● **WORK TO BE COMPLETED**:
A faithful copy of the listing below is needed, one that contains no pictures.

● **DATASET EXTRACT**:
■ ■ ■ ■
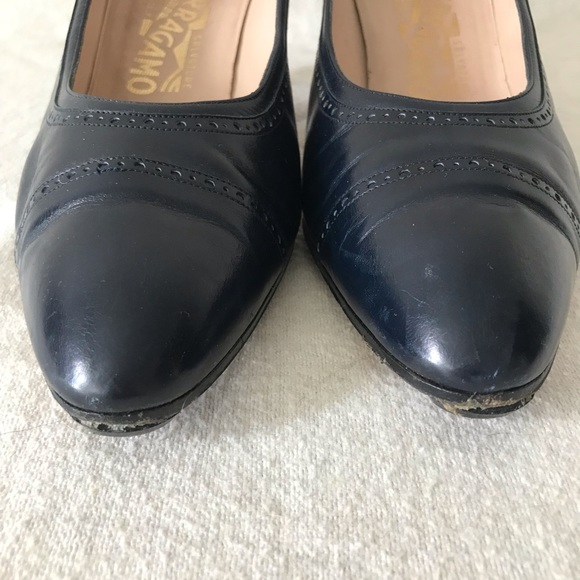 Ferragamo for Saks Fifth Avenue Navy Leather Embossed Pumps Sz Eu 42 US 10 B - Picture 7 of 16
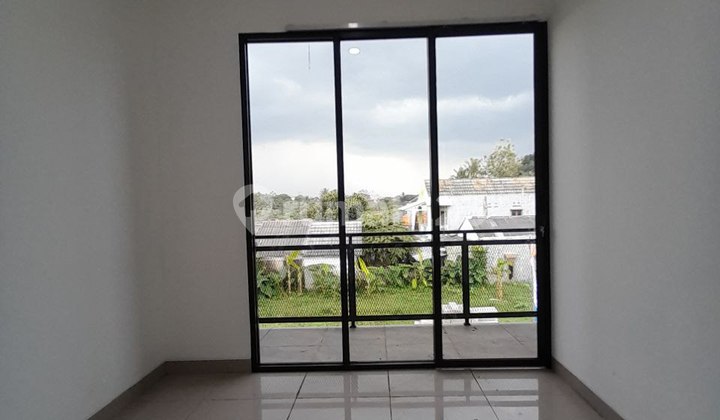 Rumah 2 Lantai Murah Berkualitas Dekat Tol JORR di Cinangka 10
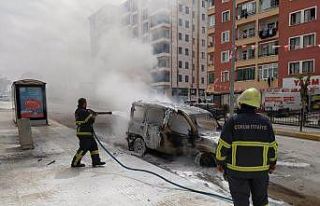 Motoru tutuşan ticari araç alev topuna döndü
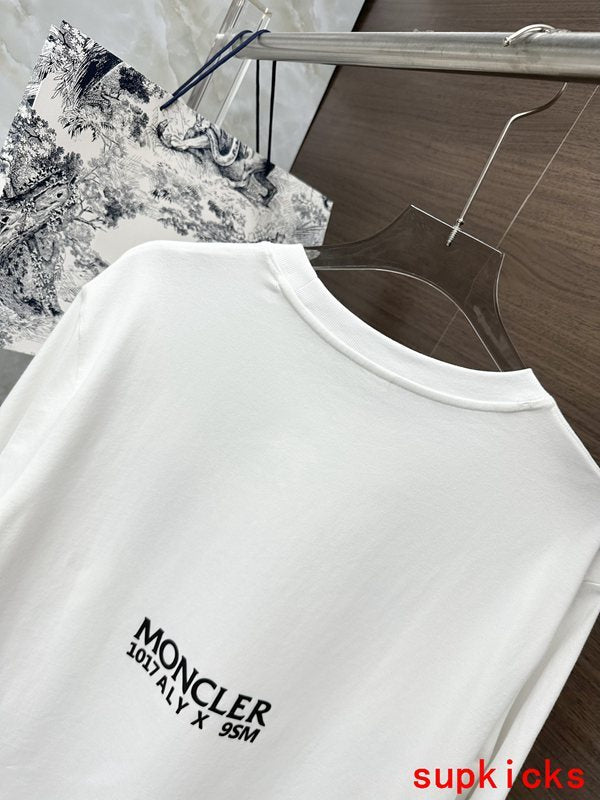 Moncler Luxury Cloth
■ ■ ■ ■
● **ANSWER AREA**:
 Ferragamo for Saks Fifth Avenue Navy Leather Embossed Pumps Sz Eu 42 US 10 B - Picture 7 of 16
 Rumah 2 Lantai Murah Berkualitas Dekat Tol JORR di Cinangka 10
 Motoru tutuşan ticari araç alev topuna döndü
 Moncler Luxury Cloth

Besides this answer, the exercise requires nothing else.